André
Joos
«Chiese
Cristiane
e Civiltà di Comunicazione:Quale scommessa»
Riflessioni
introduttive sulla mutazione comunicativa di fronte alla
quale le Chiese devono assumere la loro iniziativa di
presenza pastorale e spirituale
I
N T R O D U Z I O N E
LA MUTAZIONE INTERCULTURALE
-
TUTTO
DIVENTA GESTIONE, EMOZIONE, PENSIERO COMUNICATIVI
-
NELLA
COMUNICAZIONE TUTTO SI INTRECCIA: DAL PIÙ
MATERIALE AL PIU' SPIRITUALE
-
NELLA
COMUNICAZIONE TUTTO SI INTRECCIA: DAL PIÙ
MATERIALE AL PIU' SPIRITUALE
-
NELLA
COMUNICAZIONE DI MASSA, OGNUNO SI SENTE PRESO IN
UNA RETE VORTICOSA
-
QUALI
CAMBIAMENTI PIÙ PROFONDI?
-
L'IMMAGINARIO
È PIÙ REALE DEL REALE
-
L'ARTIFICIALE
È PIÙ NATURALE DEL NATURALE
-
L'INDIRETTO
È PIÙ DIRETTO DELL'IMMEDIATO
LA
MUTAZIONE INTERCULTURALE
Fin
dove la scommessa comunicativa spinge le Chiese
cristiane oggi? Dove ci porta l'evento comunicativo e
quale è la sua incidenza sul nostro modo di essere
cristiani? Quali esigenze di fondo pone il fenomeno
comunicativo alla riflessione ecclesiale ed
all'iniziativa pastorale della comunità di fede? Ecco
alcuni modi di porre l'interrogativo che sempre più
esplicitamente si delinea nella presa di coscienza dei
credenti più sensibili ai 'segni dei tempi'.
La
questione fondamentale è certo quella di sapere se sia
in atto una mutazione culturale sostanziale, tale da
richiedere una fondamentale trasformazione nella
convivenza umana e conseguentemente nell'inserimento
cristiano. Se molti sono dell'avviso che il fenomeno
comunicativo odierno rimane 'periferico' -nell'esperienza
umana- diversi colgono gli indizi di cambiamenti
'qualitativi' del percorso mai scontato dell'umanità.
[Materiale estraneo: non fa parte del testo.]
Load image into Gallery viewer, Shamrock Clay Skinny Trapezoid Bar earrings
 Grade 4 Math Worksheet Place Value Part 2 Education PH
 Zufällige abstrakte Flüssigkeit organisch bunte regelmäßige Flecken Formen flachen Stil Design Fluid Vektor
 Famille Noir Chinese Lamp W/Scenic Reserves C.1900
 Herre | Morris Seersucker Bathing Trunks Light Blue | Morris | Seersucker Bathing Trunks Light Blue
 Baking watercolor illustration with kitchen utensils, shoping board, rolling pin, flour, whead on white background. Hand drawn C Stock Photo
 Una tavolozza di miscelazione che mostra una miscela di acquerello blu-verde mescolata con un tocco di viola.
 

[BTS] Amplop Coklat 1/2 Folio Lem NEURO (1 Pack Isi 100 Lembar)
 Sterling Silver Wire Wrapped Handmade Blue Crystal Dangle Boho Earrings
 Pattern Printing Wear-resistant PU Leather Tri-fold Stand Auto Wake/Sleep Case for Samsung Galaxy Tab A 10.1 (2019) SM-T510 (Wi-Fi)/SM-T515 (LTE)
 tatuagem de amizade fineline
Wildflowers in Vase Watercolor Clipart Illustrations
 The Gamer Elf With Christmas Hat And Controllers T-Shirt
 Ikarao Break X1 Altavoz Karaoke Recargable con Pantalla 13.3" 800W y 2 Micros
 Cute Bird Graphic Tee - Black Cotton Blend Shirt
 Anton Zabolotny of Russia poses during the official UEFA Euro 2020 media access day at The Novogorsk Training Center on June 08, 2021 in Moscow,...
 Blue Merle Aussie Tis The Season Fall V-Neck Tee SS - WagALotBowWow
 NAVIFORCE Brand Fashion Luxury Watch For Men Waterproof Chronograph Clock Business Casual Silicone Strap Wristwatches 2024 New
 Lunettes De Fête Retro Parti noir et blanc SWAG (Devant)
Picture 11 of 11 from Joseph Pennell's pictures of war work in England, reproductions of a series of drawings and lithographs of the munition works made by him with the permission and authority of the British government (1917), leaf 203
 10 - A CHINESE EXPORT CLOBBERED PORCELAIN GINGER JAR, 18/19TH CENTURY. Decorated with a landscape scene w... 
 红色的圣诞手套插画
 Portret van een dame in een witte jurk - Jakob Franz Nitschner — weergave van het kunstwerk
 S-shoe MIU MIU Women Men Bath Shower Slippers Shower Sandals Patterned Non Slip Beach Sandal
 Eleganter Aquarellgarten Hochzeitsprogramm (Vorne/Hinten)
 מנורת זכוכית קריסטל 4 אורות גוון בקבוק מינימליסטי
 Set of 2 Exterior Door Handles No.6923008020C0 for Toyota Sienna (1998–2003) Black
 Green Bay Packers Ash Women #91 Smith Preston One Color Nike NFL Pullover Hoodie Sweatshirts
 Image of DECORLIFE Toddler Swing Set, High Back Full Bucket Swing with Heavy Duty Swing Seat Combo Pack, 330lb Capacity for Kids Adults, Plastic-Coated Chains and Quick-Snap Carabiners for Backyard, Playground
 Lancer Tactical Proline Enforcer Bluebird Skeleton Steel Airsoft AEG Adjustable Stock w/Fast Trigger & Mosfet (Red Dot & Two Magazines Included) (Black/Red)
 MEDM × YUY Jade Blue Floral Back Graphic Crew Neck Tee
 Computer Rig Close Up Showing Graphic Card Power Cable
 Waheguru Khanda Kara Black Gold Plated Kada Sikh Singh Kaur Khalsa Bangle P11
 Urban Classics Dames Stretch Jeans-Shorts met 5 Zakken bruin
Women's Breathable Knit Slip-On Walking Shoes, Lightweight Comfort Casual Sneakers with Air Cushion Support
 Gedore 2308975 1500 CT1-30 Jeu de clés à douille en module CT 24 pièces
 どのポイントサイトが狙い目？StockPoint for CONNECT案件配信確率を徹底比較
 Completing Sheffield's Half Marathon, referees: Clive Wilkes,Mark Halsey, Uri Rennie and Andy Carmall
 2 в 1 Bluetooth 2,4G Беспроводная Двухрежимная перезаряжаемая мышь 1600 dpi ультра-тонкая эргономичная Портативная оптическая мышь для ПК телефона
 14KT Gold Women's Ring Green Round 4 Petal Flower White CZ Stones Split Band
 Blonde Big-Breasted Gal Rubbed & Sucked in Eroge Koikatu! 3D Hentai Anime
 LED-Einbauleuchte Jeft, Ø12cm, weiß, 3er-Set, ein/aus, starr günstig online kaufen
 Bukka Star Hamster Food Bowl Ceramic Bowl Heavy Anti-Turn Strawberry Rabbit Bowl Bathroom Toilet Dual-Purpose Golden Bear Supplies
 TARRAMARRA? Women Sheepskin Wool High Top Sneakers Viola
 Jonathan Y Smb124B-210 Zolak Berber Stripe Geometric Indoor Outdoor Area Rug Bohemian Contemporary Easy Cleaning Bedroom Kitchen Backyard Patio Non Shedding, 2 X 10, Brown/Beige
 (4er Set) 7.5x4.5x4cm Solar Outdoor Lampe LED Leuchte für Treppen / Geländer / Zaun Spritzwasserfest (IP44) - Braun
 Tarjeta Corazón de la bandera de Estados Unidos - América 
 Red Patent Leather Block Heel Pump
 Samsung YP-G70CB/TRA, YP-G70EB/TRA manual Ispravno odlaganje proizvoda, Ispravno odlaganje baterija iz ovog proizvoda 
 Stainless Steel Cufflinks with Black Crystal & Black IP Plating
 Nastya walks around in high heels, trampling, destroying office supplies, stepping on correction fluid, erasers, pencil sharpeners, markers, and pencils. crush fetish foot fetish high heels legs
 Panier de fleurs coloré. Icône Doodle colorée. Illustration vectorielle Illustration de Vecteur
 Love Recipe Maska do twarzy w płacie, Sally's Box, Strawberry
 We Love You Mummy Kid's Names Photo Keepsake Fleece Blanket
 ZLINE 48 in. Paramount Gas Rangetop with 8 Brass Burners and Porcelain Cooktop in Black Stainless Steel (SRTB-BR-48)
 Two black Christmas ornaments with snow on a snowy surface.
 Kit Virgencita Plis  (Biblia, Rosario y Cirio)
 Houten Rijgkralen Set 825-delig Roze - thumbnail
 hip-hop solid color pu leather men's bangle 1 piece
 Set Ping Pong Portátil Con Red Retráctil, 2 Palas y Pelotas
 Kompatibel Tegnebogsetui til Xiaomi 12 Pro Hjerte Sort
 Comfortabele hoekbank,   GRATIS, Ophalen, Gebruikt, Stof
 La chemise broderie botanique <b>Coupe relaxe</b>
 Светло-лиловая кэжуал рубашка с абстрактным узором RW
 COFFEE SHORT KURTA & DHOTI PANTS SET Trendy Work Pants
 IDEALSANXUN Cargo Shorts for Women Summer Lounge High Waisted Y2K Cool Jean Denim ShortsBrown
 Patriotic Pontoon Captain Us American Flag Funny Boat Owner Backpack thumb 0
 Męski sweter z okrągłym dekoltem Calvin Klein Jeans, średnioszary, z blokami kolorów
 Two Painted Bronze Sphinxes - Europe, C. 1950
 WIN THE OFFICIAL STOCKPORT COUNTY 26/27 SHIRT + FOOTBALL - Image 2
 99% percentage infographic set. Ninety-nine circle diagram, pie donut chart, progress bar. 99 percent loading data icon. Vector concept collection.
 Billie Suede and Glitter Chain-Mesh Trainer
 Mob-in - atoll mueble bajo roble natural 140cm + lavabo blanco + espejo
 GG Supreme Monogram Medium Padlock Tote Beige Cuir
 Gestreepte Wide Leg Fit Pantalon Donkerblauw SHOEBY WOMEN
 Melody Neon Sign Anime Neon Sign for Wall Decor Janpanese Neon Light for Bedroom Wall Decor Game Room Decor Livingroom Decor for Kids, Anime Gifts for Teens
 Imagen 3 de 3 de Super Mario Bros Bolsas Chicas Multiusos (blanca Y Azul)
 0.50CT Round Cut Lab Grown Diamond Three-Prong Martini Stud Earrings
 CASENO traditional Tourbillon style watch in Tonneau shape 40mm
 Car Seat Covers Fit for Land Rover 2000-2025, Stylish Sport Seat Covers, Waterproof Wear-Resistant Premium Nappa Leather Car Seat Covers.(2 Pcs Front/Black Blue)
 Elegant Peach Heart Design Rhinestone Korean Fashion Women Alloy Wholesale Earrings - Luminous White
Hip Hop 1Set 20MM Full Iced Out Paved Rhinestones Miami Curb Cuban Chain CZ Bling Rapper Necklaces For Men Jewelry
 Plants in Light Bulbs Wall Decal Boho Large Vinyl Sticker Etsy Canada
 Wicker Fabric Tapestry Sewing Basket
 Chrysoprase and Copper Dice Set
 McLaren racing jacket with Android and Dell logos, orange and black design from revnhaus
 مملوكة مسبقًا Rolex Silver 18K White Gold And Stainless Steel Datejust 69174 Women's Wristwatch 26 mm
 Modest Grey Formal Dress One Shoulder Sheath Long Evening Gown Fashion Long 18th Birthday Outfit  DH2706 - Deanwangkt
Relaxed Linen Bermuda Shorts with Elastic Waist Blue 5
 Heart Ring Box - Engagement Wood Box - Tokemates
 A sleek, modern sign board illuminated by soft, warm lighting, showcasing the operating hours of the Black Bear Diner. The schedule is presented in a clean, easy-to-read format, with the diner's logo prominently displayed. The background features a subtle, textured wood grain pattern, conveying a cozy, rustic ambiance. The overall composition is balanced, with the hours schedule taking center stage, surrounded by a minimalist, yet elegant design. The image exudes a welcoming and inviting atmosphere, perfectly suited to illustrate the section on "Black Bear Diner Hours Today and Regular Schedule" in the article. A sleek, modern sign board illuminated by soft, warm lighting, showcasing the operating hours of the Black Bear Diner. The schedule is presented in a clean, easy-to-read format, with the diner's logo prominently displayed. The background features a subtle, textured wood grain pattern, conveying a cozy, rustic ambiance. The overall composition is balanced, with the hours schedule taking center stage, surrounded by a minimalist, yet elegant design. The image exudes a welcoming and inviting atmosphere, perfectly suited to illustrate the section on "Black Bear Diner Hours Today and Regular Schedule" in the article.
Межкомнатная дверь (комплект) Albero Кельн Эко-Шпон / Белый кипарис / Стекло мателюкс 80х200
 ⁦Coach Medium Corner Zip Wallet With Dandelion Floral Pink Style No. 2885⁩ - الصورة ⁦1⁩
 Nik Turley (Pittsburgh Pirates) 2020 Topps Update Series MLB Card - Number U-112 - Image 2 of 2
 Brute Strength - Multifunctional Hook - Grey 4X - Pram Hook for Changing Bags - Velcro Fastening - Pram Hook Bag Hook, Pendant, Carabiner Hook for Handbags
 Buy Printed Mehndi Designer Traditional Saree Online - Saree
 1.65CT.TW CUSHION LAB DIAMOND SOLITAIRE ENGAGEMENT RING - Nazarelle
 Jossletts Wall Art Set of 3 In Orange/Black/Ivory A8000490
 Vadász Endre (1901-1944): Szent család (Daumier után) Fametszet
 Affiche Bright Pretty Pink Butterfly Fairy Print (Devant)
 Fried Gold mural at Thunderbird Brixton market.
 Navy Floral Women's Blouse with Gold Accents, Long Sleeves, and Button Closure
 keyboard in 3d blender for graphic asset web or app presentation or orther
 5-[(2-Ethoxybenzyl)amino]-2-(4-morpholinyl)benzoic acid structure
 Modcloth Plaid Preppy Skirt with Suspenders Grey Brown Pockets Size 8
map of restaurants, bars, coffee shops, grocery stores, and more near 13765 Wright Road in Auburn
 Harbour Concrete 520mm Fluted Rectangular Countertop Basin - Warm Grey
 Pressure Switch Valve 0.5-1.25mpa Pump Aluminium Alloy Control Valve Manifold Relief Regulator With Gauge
Vedendo quello che sta succedendo nella cosidetta
'rivoluzione comunicativa' dei tempi recenti, ci si
rende conto che la chiave comunicativa è sempre stata
alle sorgenti dell'esperienza, anche solo adesso essa
acquista tutta la sua rilevanza. Si prende coscienza che
l'era comunicativa -nel fenomeno della strumentalità
tecnologica di massa- non prolunga i 'tempi moderni' ma
li capovolge in qualche modo. Tutto deve essere
riconsiderato partendo dall'evento comunicativo più
'vicino' a noi. Non 'cambia' il passato, ma lo si 'vede'
in un'altra luce. Si parla di tempi 'post-moderni'.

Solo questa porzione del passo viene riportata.